By Tiffany Savinon
Read in The Miami Herald
On weekends, a traditional butcher at a carniceria Mexicana located in a warehouse complex in Miami Lakes puts on a chef’s hat to delight his customers with homemade food made far from home.
Franco’s Distributor owner, Marco Antonio Franco, 40, uses a family recipe from Mexico to make tacos de carnitas Mexicanas, one of his favorite dishes.
“No other carniceria does what I do to keep customers coming back,” Franco said.
This “light snack,” as Franco calls it, consists of 40 pounds of fried salted pork meat simmered for more than three hours in a gigantic cazo, which is a pot made from hammered copper. Once cooked, the flavorful juicy meat is placed on top of warm homemade Mexican tortillas garnished with a fresh chopped spicy sauce known as salsa casera — a blend of tomatoes, cilantro, onions, garlic and salt — all for $1.50 a piece.

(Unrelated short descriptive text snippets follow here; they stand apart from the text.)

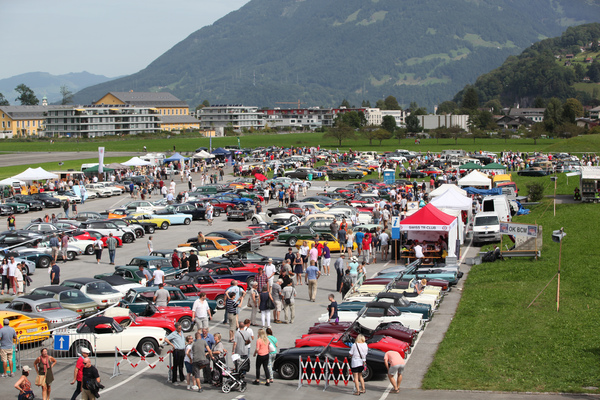 Bild: Gut ausgenutztes Gelände beim Flugplatz Mollis - British Car Meeting Mollis 2017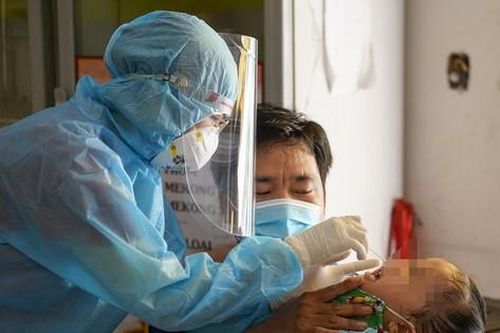 Con trẻ trong vòng xoáy đại dịch COVID-19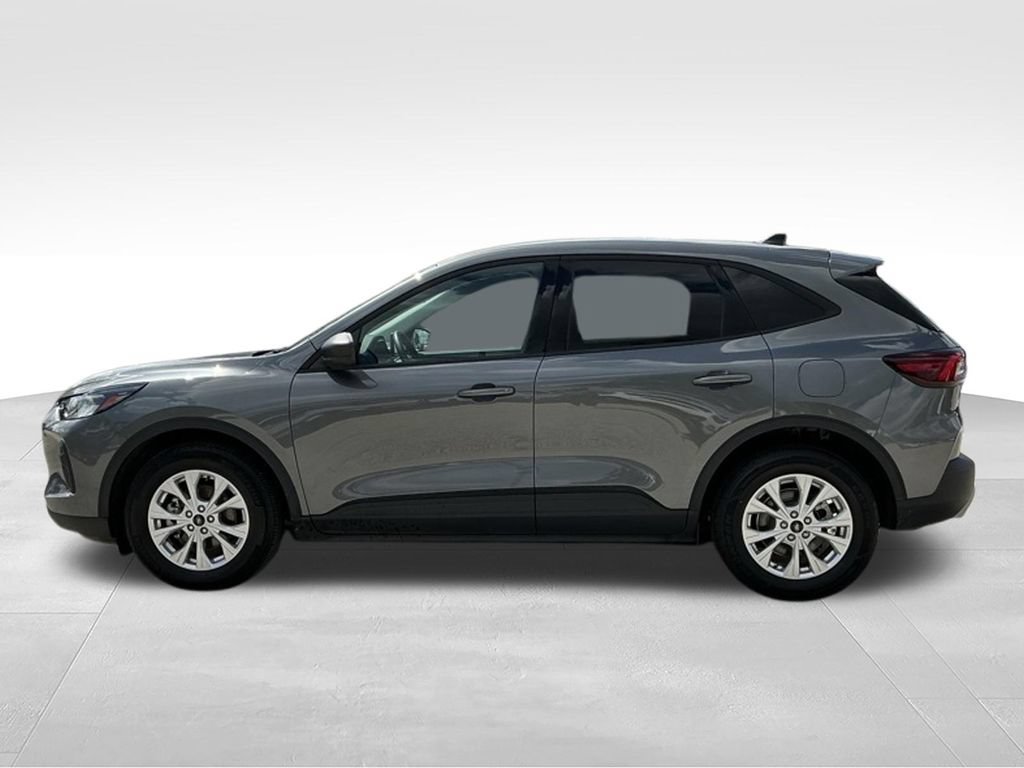 Certified 2025 Ford Escape Active FWD image 3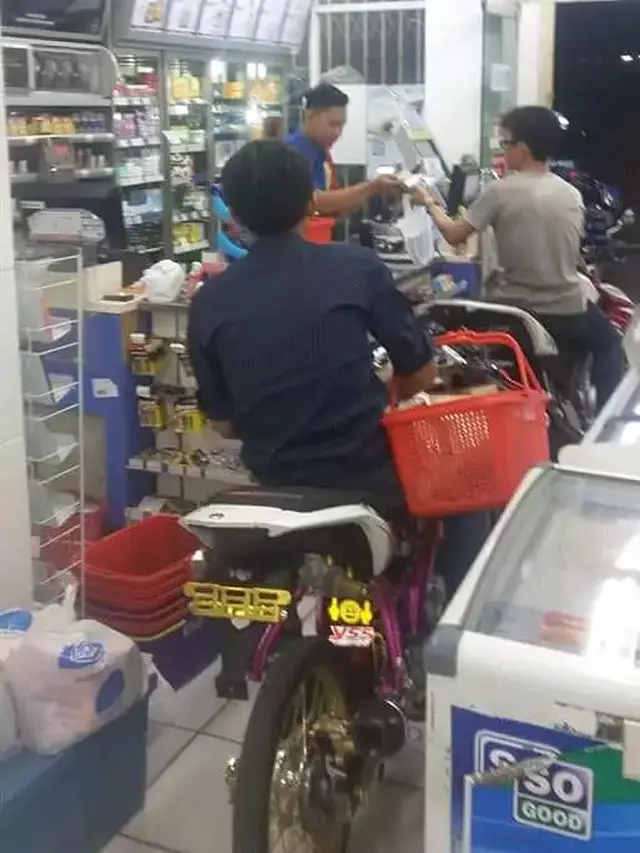 foto: Facebook/@INDOMARET,,KARYAWAN dan KELUHANNYA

Couple Lisbeth Ayala, 18, and Alejandro Villanueva, 17, visit the market every weekend to munch on tacos and shop for paletas Michoacanas, icy, slightly creamy popsicles of different flavors sold at the market.
“My mother buys all types of meat here, but I come every weekend for the tacos and the paletas,” Ayala said. “The flavor of the meat mixed with the salsa is addictive, and I eat two or three tacos in no time.”
Franco said customers can get a taste of the meat and products before purchasing them.
“I prefer buying here because Franco teaches me about the meat and suggests how I can cook it,” said Juan Melendez, 29, who visits the market twice a month to purchase meat in bulk.
“I feel at ease because I’m getting my money’s worth,” he said. Javier Perez, 29, originally from Toluca, Mexico, agrees. “We come here because Marco offers the best meat cuts at an affordable price,” he said. “Today we bought rice, flap meat and chilies to make soup.”
Franco’s products include many types of meat, ranging from American meat cuts such as T-bone steak, N.Y. strip, sirloin steak and flap meat — to homemade Mexican and Argentinean chorizos, as well as Brazilian cuts like picanha, which most American butchers know as the cap of the top sirloin.
He also distributes cheese, from typical Mexican cheese — such as queso fresco — to Swiss and American cheese. He also sells a variety of seafood.
“It’s a blessing to find a place that sells all the things we need,” said Maria Henriquez, a first time customer who moved from Colombia to Florida in 1993. “It’s the same as buying food at a market in my country.”
Franco worked as a butcher and manager for 19 years at Normandy supermarket in Miami Beach before establishing his distributing meat market business two years ago.
“My customers range from those looking for fresh items to cook a hearty meal for their families to those asking for rare meat cuts like bull testicles and cattle brain or femur bones for their dogs,”
Franco said. “If my customers ask me for ears, I will get it for them.”